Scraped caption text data
○ ○ ○ ○

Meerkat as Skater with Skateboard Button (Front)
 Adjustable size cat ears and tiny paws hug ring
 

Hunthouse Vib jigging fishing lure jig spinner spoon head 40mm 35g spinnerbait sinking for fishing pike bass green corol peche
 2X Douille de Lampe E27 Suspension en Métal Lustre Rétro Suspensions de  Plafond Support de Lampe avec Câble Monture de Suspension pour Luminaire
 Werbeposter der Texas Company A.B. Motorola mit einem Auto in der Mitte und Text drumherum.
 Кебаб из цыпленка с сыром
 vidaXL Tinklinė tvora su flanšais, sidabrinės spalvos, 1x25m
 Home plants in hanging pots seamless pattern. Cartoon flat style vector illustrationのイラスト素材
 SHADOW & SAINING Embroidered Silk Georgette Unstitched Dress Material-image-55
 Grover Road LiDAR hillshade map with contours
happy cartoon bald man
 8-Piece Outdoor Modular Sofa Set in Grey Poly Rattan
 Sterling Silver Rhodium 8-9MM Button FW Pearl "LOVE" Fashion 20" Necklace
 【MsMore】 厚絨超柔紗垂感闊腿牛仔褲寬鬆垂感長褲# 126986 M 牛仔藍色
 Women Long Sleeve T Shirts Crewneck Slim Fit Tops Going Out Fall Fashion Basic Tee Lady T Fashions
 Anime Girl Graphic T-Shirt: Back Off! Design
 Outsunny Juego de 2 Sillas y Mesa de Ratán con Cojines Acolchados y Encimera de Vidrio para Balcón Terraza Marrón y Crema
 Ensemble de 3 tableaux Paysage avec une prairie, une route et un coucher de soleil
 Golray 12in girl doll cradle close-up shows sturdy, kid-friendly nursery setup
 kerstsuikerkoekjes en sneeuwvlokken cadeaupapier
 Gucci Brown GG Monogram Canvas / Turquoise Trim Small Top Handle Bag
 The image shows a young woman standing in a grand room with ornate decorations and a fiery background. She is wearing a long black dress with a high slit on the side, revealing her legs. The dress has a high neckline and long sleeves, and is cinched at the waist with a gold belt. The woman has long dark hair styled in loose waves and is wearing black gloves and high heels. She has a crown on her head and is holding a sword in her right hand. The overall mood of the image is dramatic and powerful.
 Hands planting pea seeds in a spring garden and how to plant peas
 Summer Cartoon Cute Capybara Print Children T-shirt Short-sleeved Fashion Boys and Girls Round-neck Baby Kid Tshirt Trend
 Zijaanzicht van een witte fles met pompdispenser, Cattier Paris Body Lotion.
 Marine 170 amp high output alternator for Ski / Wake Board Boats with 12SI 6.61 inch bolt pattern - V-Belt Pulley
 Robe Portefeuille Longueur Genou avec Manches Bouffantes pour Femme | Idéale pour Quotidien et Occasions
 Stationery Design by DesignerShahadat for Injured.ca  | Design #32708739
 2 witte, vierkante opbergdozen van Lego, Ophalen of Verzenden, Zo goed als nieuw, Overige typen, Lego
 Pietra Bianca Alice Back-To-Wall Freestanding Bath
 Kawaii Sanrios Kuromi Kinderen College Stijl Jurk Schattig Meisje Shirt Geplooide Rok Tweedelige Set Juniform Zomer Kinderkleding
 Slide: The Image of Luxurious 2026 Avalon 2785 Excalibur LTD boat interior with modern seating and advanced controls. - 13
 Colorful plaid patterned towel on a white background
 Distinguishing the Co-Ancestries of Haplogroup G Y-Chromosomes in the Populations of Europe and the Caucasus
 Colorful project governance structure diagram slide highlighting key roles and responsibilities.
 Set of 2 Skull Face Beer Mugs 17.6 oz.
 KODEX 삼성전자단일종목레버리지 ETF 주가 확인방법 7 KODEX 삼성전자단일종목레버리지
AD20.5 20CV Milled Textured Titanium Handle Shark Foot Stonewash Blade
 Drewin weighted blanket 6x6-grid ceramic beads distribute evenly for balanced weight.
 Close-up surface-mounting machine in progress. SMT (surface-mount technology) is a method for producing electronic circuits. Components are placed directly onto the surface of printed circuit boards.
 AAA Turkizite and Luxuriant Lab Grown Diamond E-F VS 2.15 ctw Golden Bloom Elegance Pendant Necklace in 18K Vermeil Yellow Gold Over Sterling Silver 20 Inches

○ ○ ○ ○

## EXERCISE DIRECTIONS
What you give back should be exactly the lines of the data above from the line with "vidaXL Tinklinė tvora" through the line with "Hands planting pea", both of those included, and nothing more.

## YOUR SOLUTION
 vidaXL Tinklinė tvora su flanšais, sidabrinės spalvos, 1x25m
 Home plants in hanging pots seamless pattern. Cartoon flat style vector illustrationのイラスト素材
 SHADOW & SAINING Embroidered Silk Georgette Unstitched Dress Material-image-55
 Grover Road LiDAR hillshade map with contours
happy cartoon bald man
 8-Piece Outdoor Modular Sofa Set in Grey Poly Rattan
 Sterling Silver Rhodium 8-9MM Button FW Pearl "LOVE" Fashion 20" Necklace
 【MsMore】 厚絨超柔紗垂感闊腿牛仔褲寬鬆垂感長褲# 126986 M 牛仔藍色
 Women Long Sleeve T Shirts Crewneck Slim Fit Tops Going Out Fall Fashion Basic Tee Lady T Fashions
 Anime Girl Graphic T-Shirt: Back Off! Design
 Outsunny Juego de 2 Sillas y Mesa de Ratán con Cojines Acolchados y Encimera de Vidrio para Balcón Terraza Marrón y Crema
 Ensemble de 3 tableaux Paysage avec une prairie, une route et un coucher de soleil
 Golray 12in girl doll cradle close-up shows sturdy, kid-friendly nursery setup
 kerstsuikerkoekjes en sneeuwvlokken cadeaupapier
 Gucci Brown GG Monogram Canvas / Turquoise Trim Small Top Handle Bag
 The image shows a young woman standing in a grand room with ornate decorations and a fiery background. She is wearing a long black dress with a high slit on the side, revealing her legs. The dress has a high neckline and long sleeves, and is cinched at the waist with a gold belt. The woman has long dark hair styled in loose waves and is wearing black gloves and high heels. She has a crown on her head and is holding a sword in her right hand. The overall mood of the image is dramatic and powerful.
 Hands planting pea seeds in a spring garden and how to plant peas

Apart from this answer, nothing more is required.